The Postcard
A Valentine's Attwell Series postcard that was printed in Great Britain.
The card was posted in Devon using a 1½d. stamp on Monday the 15th. August 1921. It was sent to:
Miss Beryl Baylis,
Eastbury Manor,
Lambourn,
Berks.
The brief message on the divided back of the card was as follows:
"With love and kisses
From Betty."
Eastbury Manor
The 905-acre Eastbury Manor estate with its Grade II* Listed manor house, near the racehorse town of Lambourn, is in the heart of the North Wessex Downs Area of Outstanding Natural Beauty.
The manor was acquired in the 1360's by the ancestor and namesake of John D'Estbury, the Lambourn benefactor who built the village almshouses.
The present 16th.-century manor house has three reception rooms, eight bedrooms, three bathrooms and gardens running down to the banks of the Lambourn.
In 1895, George Baylis, the inventor of the Baylis system of modern arable farming, took on the tenancy of the farm at Eastbury Manor, eventually buying the freehold of 990 acres in 1918 for £11,900.
By 1929, he was England's largest plough-land farmer, occupying 12,000 acres, employing 250 men and 300 working horses.
On his death in 1936, his holdings were split between his four sons, with his eldest son George taking over Eastbury, Bockhampton and Leckhamsted Manor Farm.
His granddaughter is the beneficiary of the trust which now owns the farm, with its rich arable land and water-meadows, extensive range of modern and traditional farm buildings, traditional broad-leaf woodland and eight-furlong all-weather gallop.
Mabel Lucie Attwell
Mabel Lucie Attwell was a British illustrator and comics artist.

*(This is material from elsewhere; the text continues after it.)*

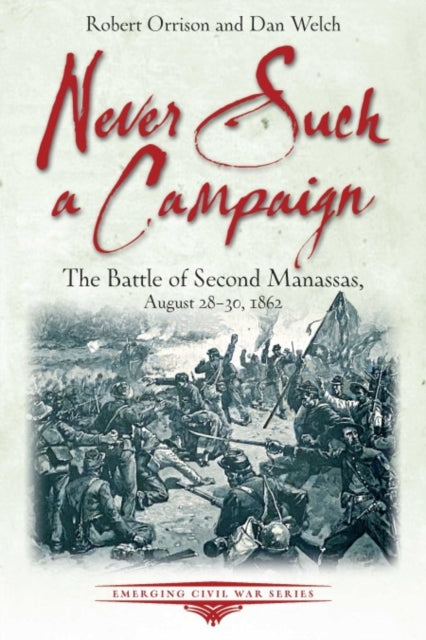 Book cover of: Never Such a Campaign. By: Robert Orrison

She is known for her cute, nostalgic drawings of children, inspired by her daughter. Her drawings are featured on many postcards, advertisements, posters, books and figurines.
Mabel Lucie Attwell - The Early Years
Mabel was born on the 4th. June 1879 in Mile End, London, the sixth child of butcher Augustus Attwell and his wife Emily Ann.
She studied at Saint Martin's School of Art, but left to develop her own interest in imaginary subjects, disliking the emphasis on still-life drawing and classical subjects.
After Mabel sold work to the Tatler and Bystander, she was taken on by the agents Francis and Mills, leading to a long and consistently successful career.
In 1908, she married painter and illustrator Harold Cecil Earnshaw (d. 1937) with whom she had a daughter, Marjorie, and two sons.
Attwell's initial career was founded on magazine illustration, which she continued throughout her life, but around 1900 she began receiving commissions for book illustrations.
Mabel illustrated children's classics such as Mother Goose (1910) and Alice in Wonderland (1911).
During the 1910's Attwell produced a number of posters for London Transport featuring children to promote travel to Christmas pantomimes and other events.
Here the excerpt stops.